Stock Analysis

We Think Dynavax Technologies (NASDAQ:DVAX) Can Manage Its Debt With Ease

Warren Buffett famously said, 'Volatility is far from synonymous with risk.' So it seems the smart money knows that debt - which is usually involved in bankruptcies - is a very important factor, when you assess how risky a company is. We can see that Dynavax Technologies Corporation (NASDAQ:DVAX) does use debt in its business. But the more important question is: how much risk is that debt creating?

When Is Debt A Problem?

Debt is a tool to help businesses grow, but if a business is incapable of paying off its lenders, then it exists at their mercy. In the worst case scenario, a company can go bankrupt if it cannot pay its creditors. While that is not too common, we often do see indebted companies permanently diluting shareholders because lenders force them to raise capital at a distressed price. Of course, debt can be an important tool in businesses, particularly capital heavy businesses. The first thing to do when considering how much debt a business uses is to look at its cash and debt together.

See our latest analysis for Dynavax Technologies

What Is Dynavax Technologies's Net Debt?

The chart below, which you can click on for greater detail, shows that Dynavax Technologies had US$221.6m in debt in December 2022; about the same as the year before. But on the other hand it also has US$624.4m in cash, leading to a US$402.8m net cash position.
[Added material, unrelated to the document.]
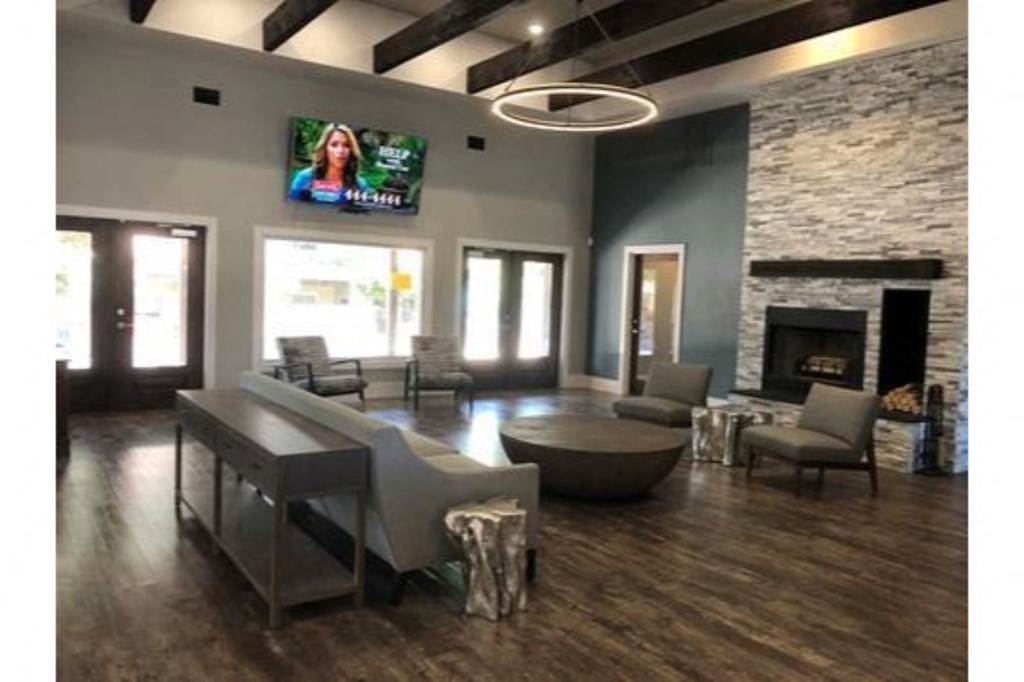a living room with a table and chairs and a fireplace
debt-equity-history-analysis
NasdaqGS:DVAX Debt to Equity History May 3rd 2023

A Look At Dynavax Technologies' Liabilities

Zooming in on the latest balance sheet data, we can see that Dynavax Technologies had liabilities of US$150.1m due within 12 months and liabilities of US$254.8m due beyond that. Offsetting this, it had US$624.4m in cash and US$218.8m in receivables that were due within 12 months. So it actually has US$438.4m more liquid assets than total liabilities.
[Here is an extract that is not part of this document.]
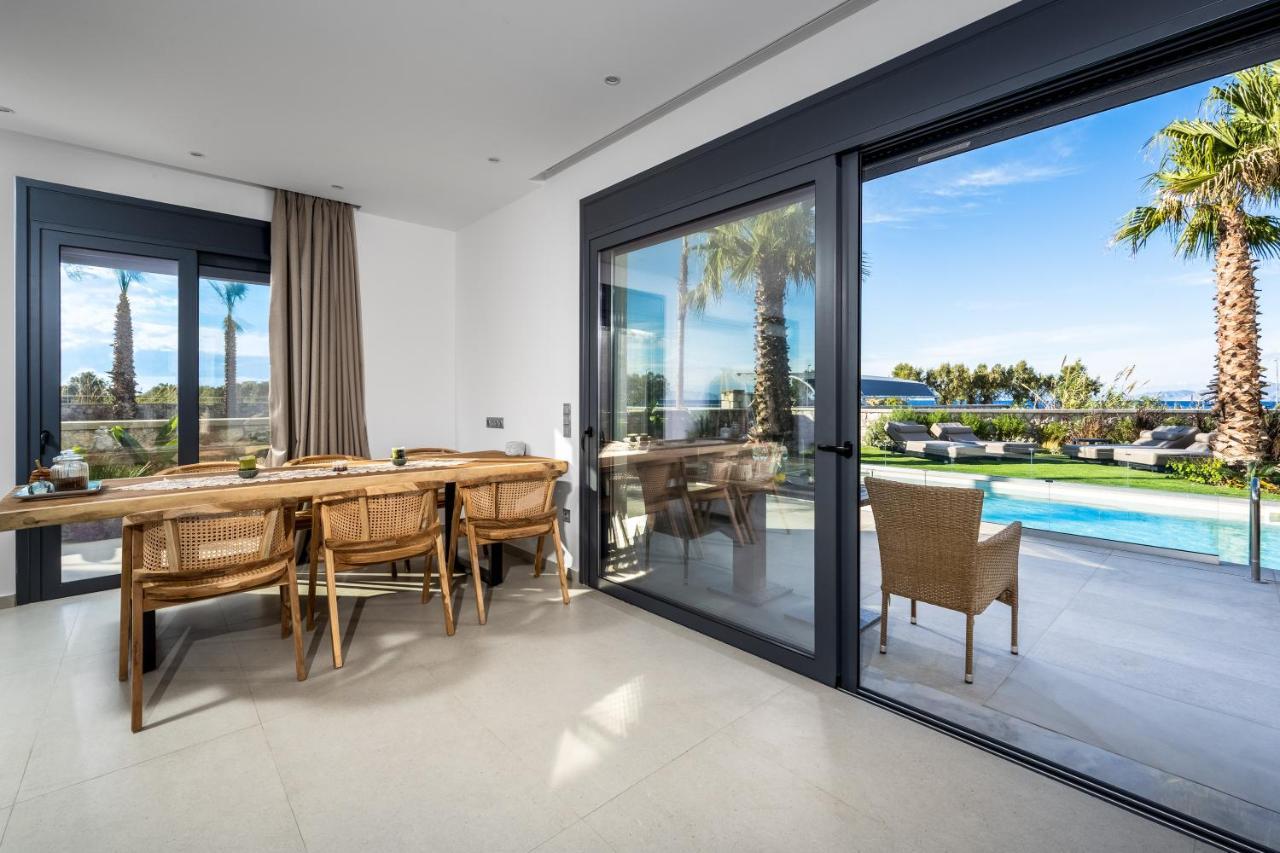 Penélope Beachfront Villa Kremastí Esterno foto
This luscious liquidity implies that Dynavax Technologies' balance sheet is sturdy like a giant sequoia tree. On this view, lenders should feel as safe as the beloved of a black-belt karate master. Simply put, the fact that Dynavax Technologies has more cash than debt is arguably a good indication that it can manage its debt safely.
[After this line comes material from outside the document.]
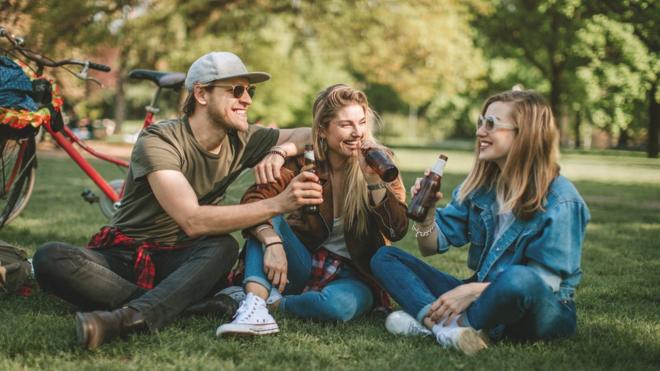 Grupo de amigos en un parque tomando cerveza con cervezas detrás.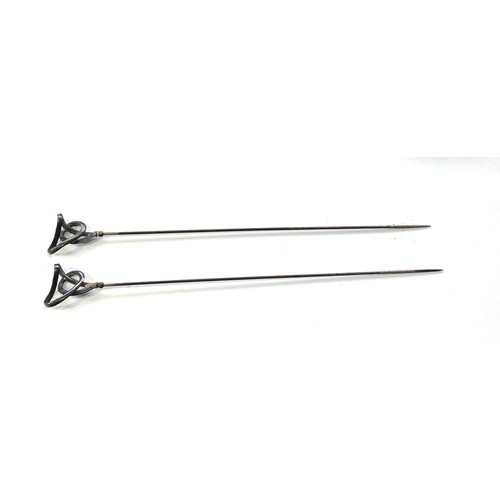 472 - 2 antique Charles Horner silver hatpins each measures  approx 21cm long in uncleaned condition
Better yet, Dynavax Technologies grew its EBIT by 126% last year, which is an impressive improvement. That boost will make it even easier to pay down debt going forward. The balance sheet is clearly the area to focus on when you are analysing debt. But it is future earnings, more than anything, that will determine Dynavax Technologies's ability to maintain a healthy balance sheet going forward. So if you're focused on the future you can check out this free report showing analyst profit forecasts.

Finally, a business needs free cash flow to pay off debt; accounting profits just don't cut it. Dynavax Technologies may have net cash on the balance sheet, but it is still interesting to look at how well the business converts its earnings before interest and tax (EBIT) to free cash flow, because that will influence both its need for, and its capacity to manage debt. Over the last two years, Dynavax Technologies recorded free cash flow worth a fulsome 81% of its EBIT, which is stronger than we'd usually expect. That puts it in a very strong position to pay down debt.

Summing Up

While we empathize with investors who find debt concerning, you should keep in mind that Dynavax Technologies has net cash of US$402.8m, as well as more liquid assets than liabilities. And it impressed us with free cash flow of US$56m, being 81% of its EBIT. The bottom line is that we do not find Dynavax Technologies's debt levels at all concerning. The balance sheet is clearly the area to focus on when you are analysing debt. But ultimately, every company can contain risks that exist outside of the balance sheet. Case in point: We've spotted 1 warning sign for Dynavax Technologies you should be aware of.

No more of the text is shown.